INTERVIEW DE LA COMMERCANTE

J'ai été personnellement concernée puisque mon jeune frère s'est suicidé. Nous les sœurs on voyaient bien que quelque chose clochait, qu'il n'allait pas bien et nous sommes une famille très unie et très solidaire.

Alors on a tous essayé de parler avec lui, on a parlé longuement, mais il répondait invariablement vouloir se suicider. Finalement, j'ai trouvé la possibilité pour lui d'aller travailler deux mois chez des amis en Crête. Cela s'est magnifiquement passé, les amis en question étaient très contents, lui aussi, mais trois jours après son retour on l'a retrouvé pendu dans sa chambre.

Au fond, j'ai toujours eu peur qu'il se suicide durant cette période, puisqu'il en parlait et que nous en parlions avec lui, mais je n'ai jamais cru qu'il le ferait et pourtant j'ai toujours pris mon frère au sérieux, ce qu'il disait et faisait, et nous avions une relation très proche. Mais je n'ai jamais pensé vraiment que cela puisse arriver.

Nous lui avons bien sûr conseillé d'aller consulter un spécialiste, un psy, ma sœur était alors en traitement pour une dépression, elle lui a dit qu'elle avait confiance dans son médecin et qu'il devait y aller.
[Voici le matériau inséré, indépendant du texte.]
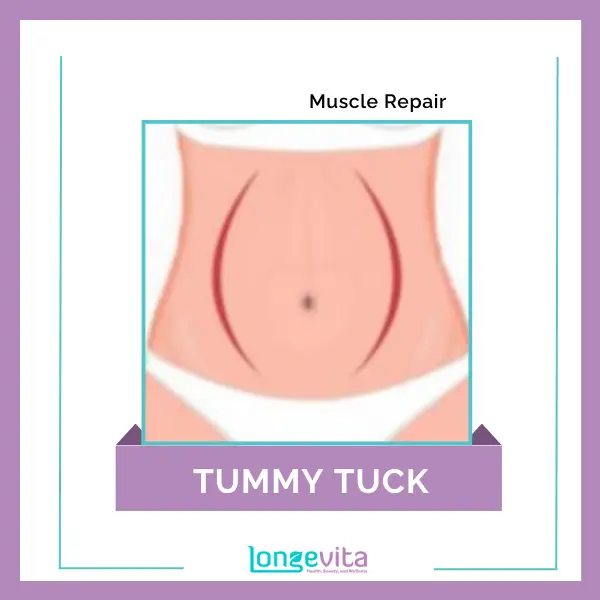 2 Tummy Tuck Muscle Repair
Mais lui refusait. Finalement nous avons appelé le psy pour lui demander de recevoir notre frère. Il a demandé son âge, comme il était majeur, le psy a répondu que notre frère devait appeler lui-même, que la demande devait venir de lui, qu'il ne pouvait rien faire.

Et ce type de réponse de la part des professionnels est la chose la plus terrible dans des circonstances pareilles. On se sent déjà si impuissant, si démuni et le médecin nous répond que si le jeune ne le veut pas on ne peut rien faire. Comme commerçante j'ai énormément de contact avec des mères de jeunes et les inquiétudes de ce genre sont très fréquentes. Ce dont elles ont le plus besoin c'est qu'on les écoute, c'est réellement ce qu'elles attendent et ce dont elles ont besoin, qu'on les écoute vraiment. Plusieurs d'entre elles m'ont dit avoir fait les mêmes démarches et avoir reçu la même réponse : si ce n'est pas le jeune qui téléphone et qui prend l'initiative de la consultation, le spécialiste ne peut rien faire et les mères se retrouvent au bout du fil avec leur angoisse. Alors elles viennent chez moi et ce que je peux leur offrir de mieux c'est l'écoute, vraiment, bien sûr, j'essaie de les orienter vers des soins possibles. Pour cela je me renseigne auprès de mes amis et de mes clientes, je m'informe sur les médecins qui ont l'air bien, dont mes amis m'ont parlé en bien, parfois je demande directement à une cliente qui est médecin des noms de collègues où la mère pourrait aller.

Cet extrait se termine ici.